EXCERPTED DATA
━━━━━━━━━━━━━━━━━━━━

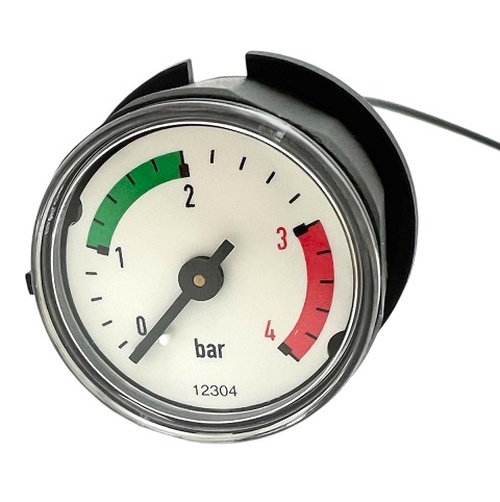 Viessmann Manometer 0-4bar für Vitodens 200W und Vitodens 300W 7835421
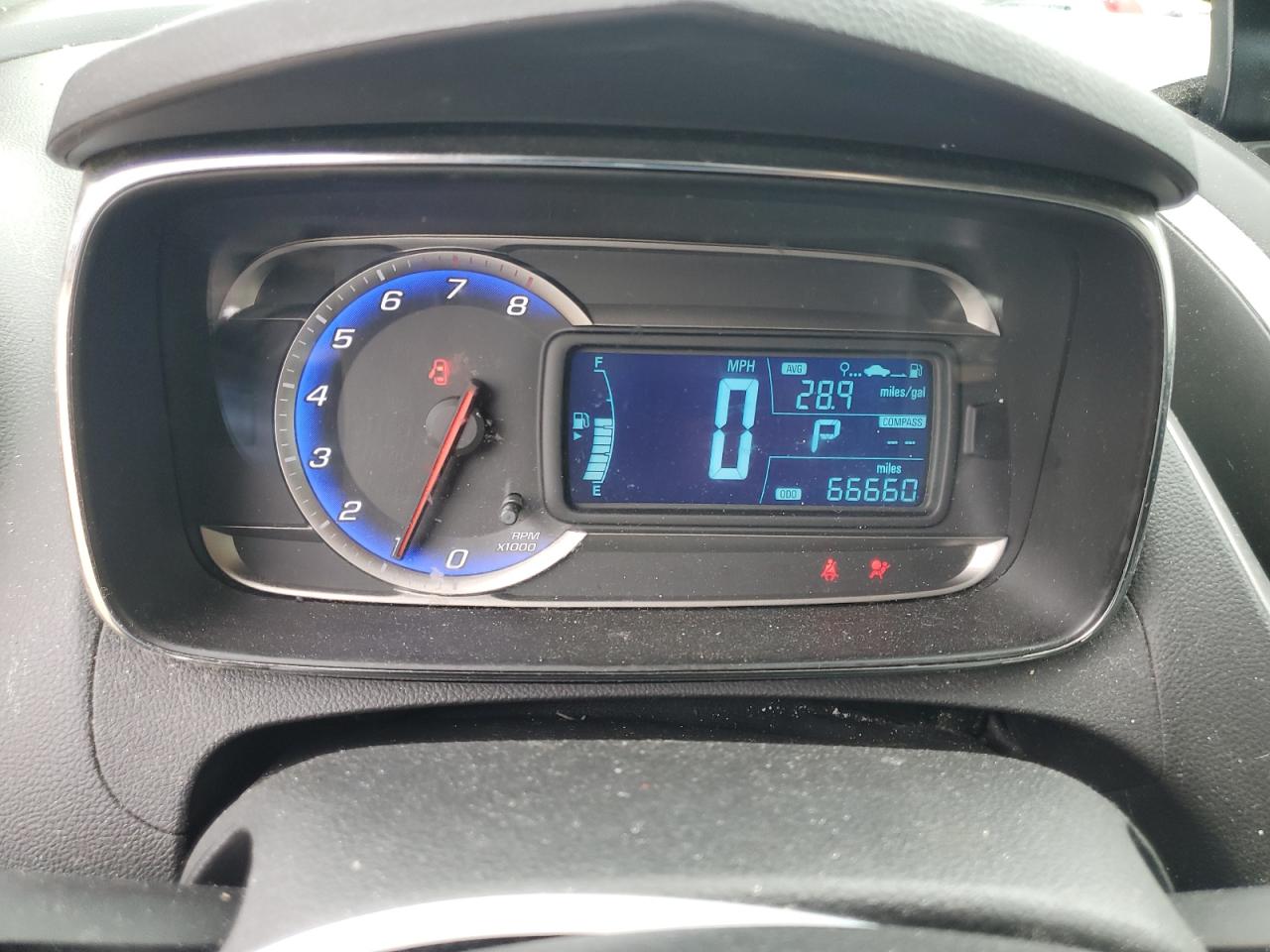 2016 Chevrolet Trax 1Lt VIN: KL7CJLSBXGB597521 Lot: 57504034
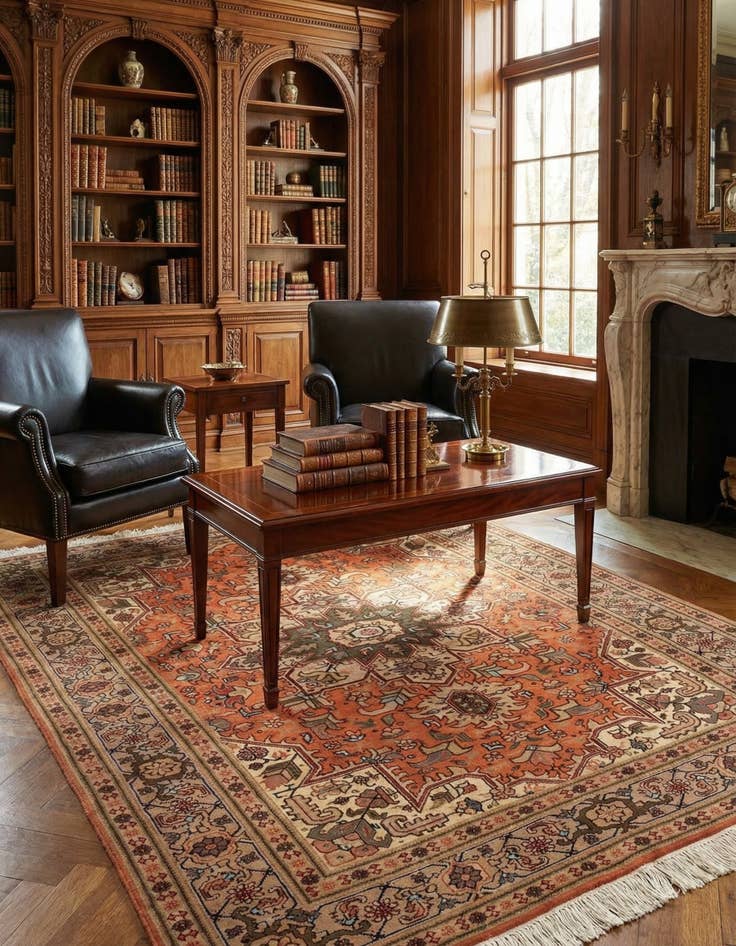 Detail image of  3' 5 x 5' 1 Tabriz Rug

━━━━━━━━━━━━━━━━━━━━

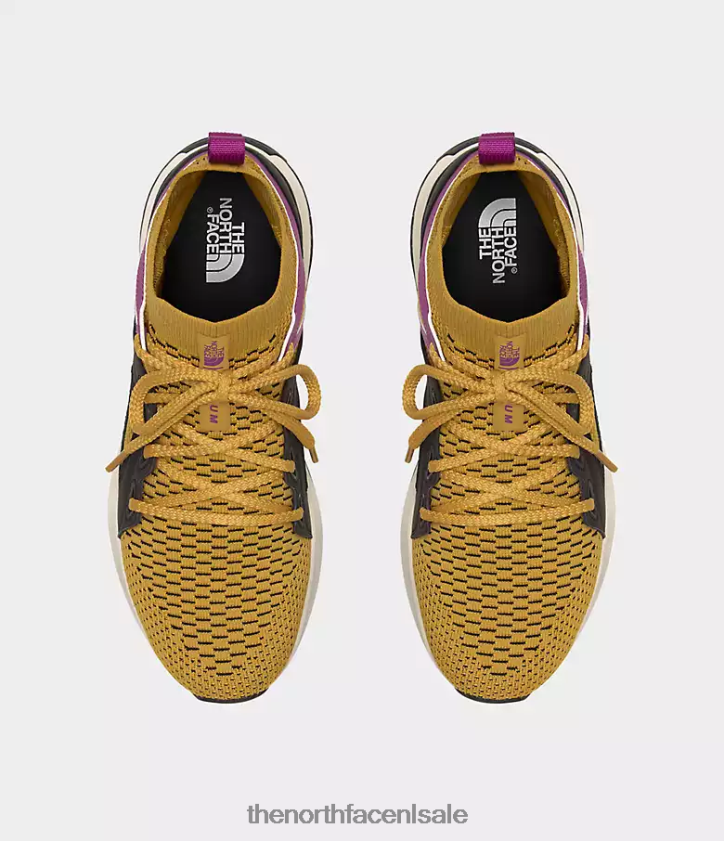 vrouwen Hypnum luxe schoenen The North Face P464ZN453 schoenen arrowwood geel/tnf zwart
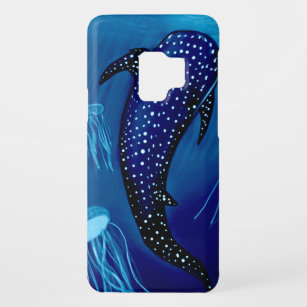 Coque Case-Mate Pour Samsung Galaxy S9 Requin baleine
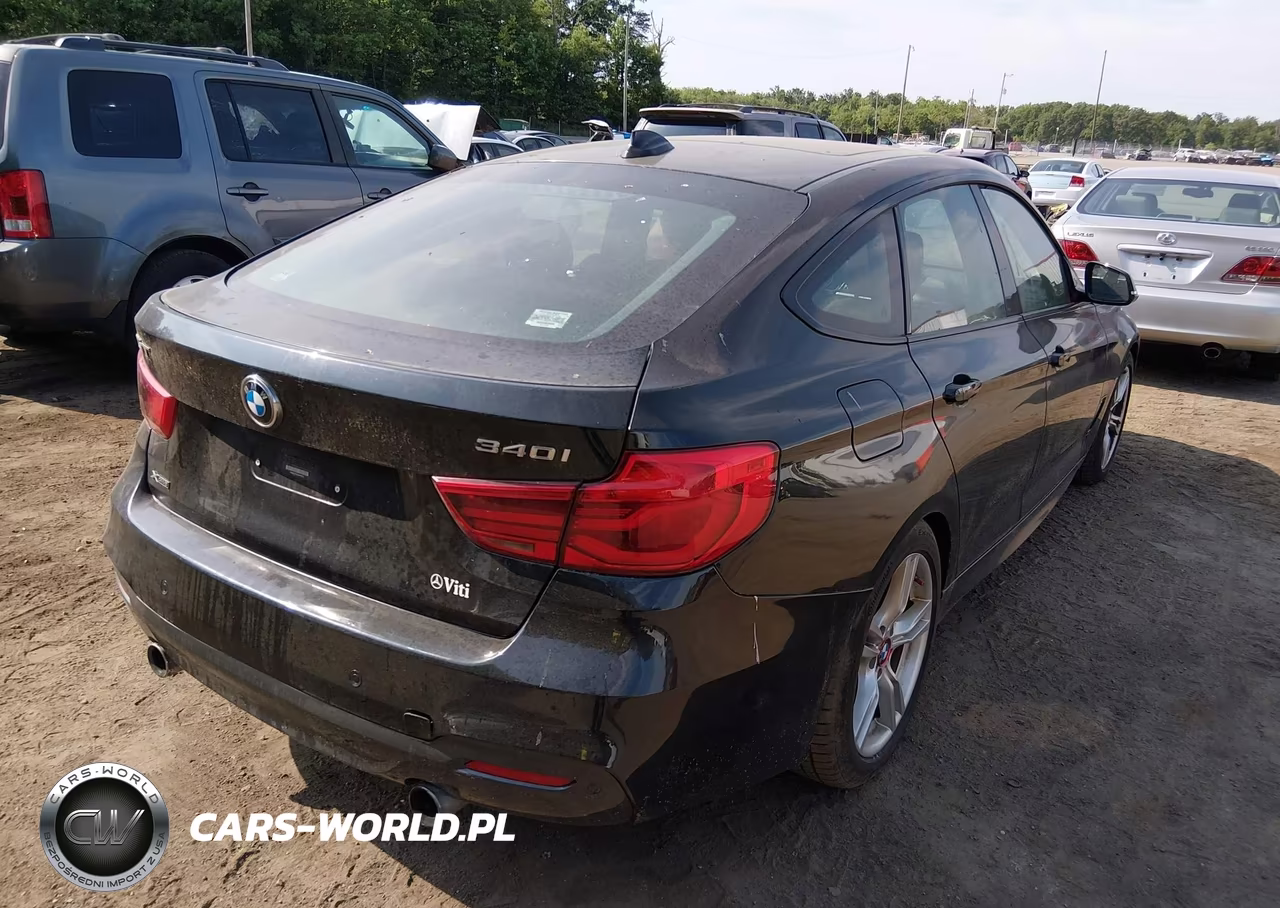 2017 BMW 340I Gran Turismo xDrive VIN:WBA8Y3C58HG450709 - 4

━━━━━━━━━━━━━━━━━━━━

Although the records above contain pictures, the copy should not; retype exactly the lines from the one containing "vrouwen Hypnum luxe" through the one containing "2017 BMW 340I".

WRITTEN SOLUTION
 vrouwen Hypnum luxe schoenen The North Face P464ZN453 schoenen arrowwood geel/tnf zwart
 Coque Case-Mate Pour Samsung Galaxy S9 Requin baleine
 2017 BMW 340I Gran Turismo xDrive VIN:WBA8Y3C58HG450709 - 4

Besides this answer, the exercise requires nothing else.